> _INSTRUCTIONS FOR THE TASK_: Your task is to transcribe all of the data below exactly, omitting the images.

##########

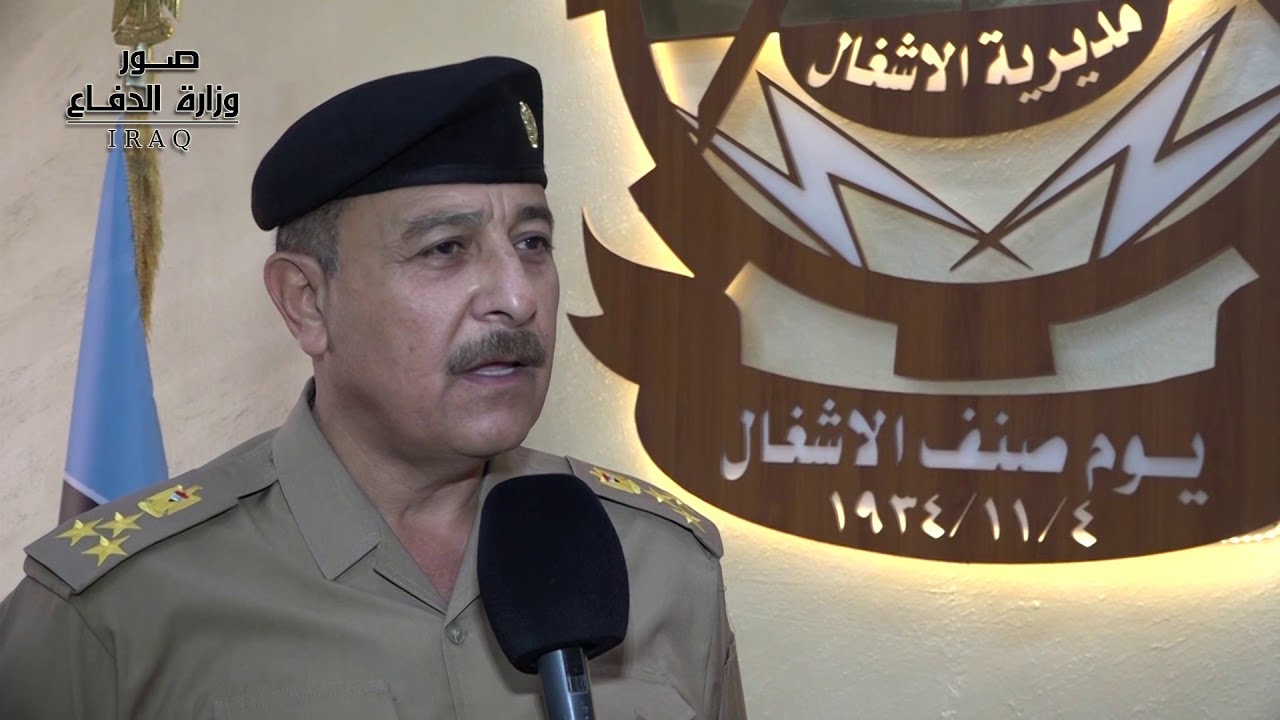 مديرية الأشغال عمل متواصل من اجل تنفيذ مشاريع كبيرة تخدم جيشنا الباسل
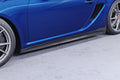 Praguri laterale cu ABE pentru Porsche Cayman 987C SS559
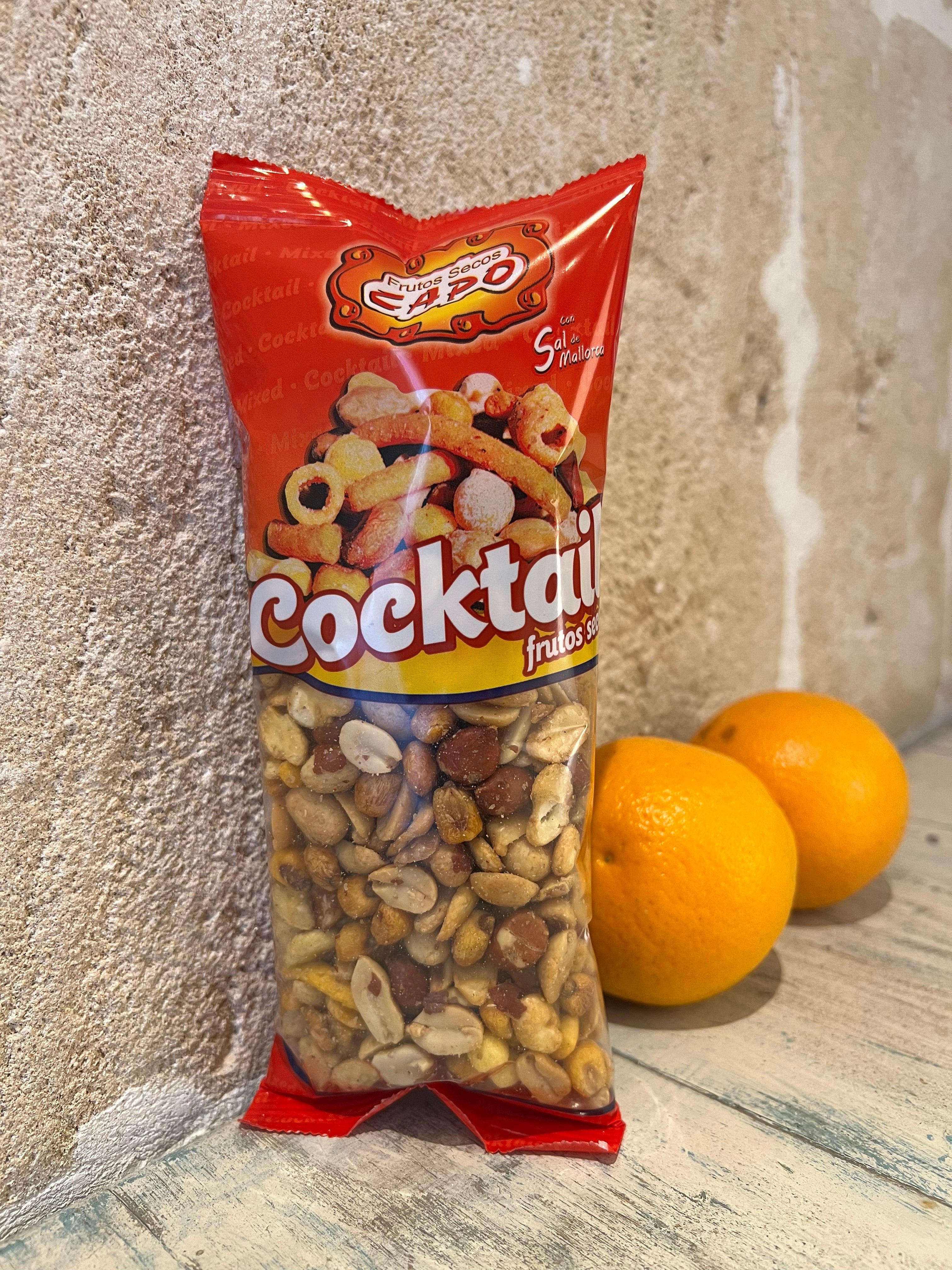 Frutos Secos Cocktail Mix - Majovida Islas Baleares S.L.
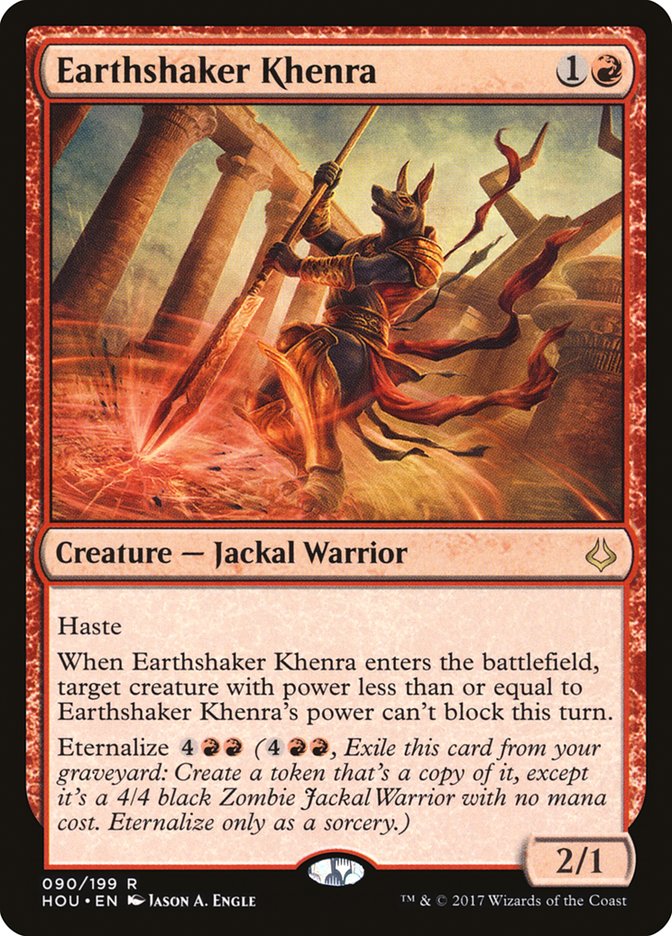 Earthshaker Khenra [Hour of Devastation] | Oasis Games Chile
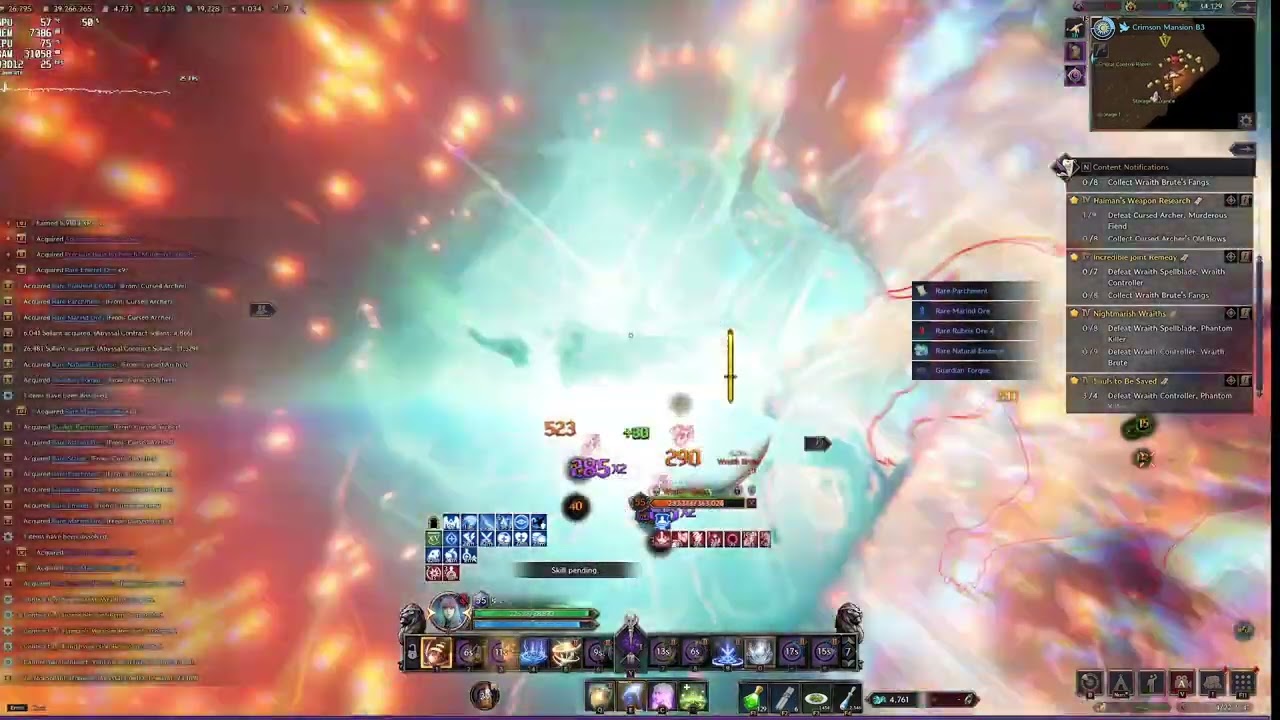 Throne and Liberty - Crimson Manor B3 Solo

##########

> _PROBLEM SOLUTION_:
 مديرية الأشغال عمل متواصل من اجل تنفيذ مشاريع كبيرة تخدم جيشنا الباسل
 Praguri laterale cu ABE pentru Porsche Cayman 987C SS559
 Frutos Secos Cocktail Mix - Majovida Islas Baleares S.L.
 Earthshaker Khenra [Hour of Devastation] | Oasis Games Chile
 Throne and Liberty - Crimson Manor B3 Solo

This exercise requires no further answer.